## DIRECTIONS
The line containing "outdoors : Irish Wolfhound dog outdoors" and every line after it through the end of the records: return those exactly, and nothing more.

[Short text fragments from websites]
-- -- --
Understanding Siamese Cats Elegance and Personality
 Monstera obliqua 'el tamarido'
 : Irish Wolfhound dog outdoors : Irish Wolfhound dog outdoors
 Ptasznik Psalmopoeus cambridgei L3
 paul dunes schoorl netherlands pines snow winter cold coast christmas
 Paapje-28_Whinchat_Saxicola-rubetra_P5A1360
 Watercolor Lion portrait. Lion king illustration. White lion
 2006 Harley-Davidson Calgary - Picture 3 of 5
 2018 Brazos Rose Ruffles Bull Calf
-- -- --
## ANSWER TO THE PROBLEM
 : Irish Wolfhound dog outdoors : Irish Wolfhound dog outdoors
 Ptasznik Psalmopoeus cambridgei L3
 paul dunes schoorl netherlands pines snow winter cold coast christmas
 Paapje-28_Whinchat_Saxicola-rubetra_P5A1360
 Watercolor Lion portrait. Lion king illustration. White lion
 2006 Harley-Davidson Calgary - Picture 3 of 5
 2018 Brazos Rose Ruffles Bull Calf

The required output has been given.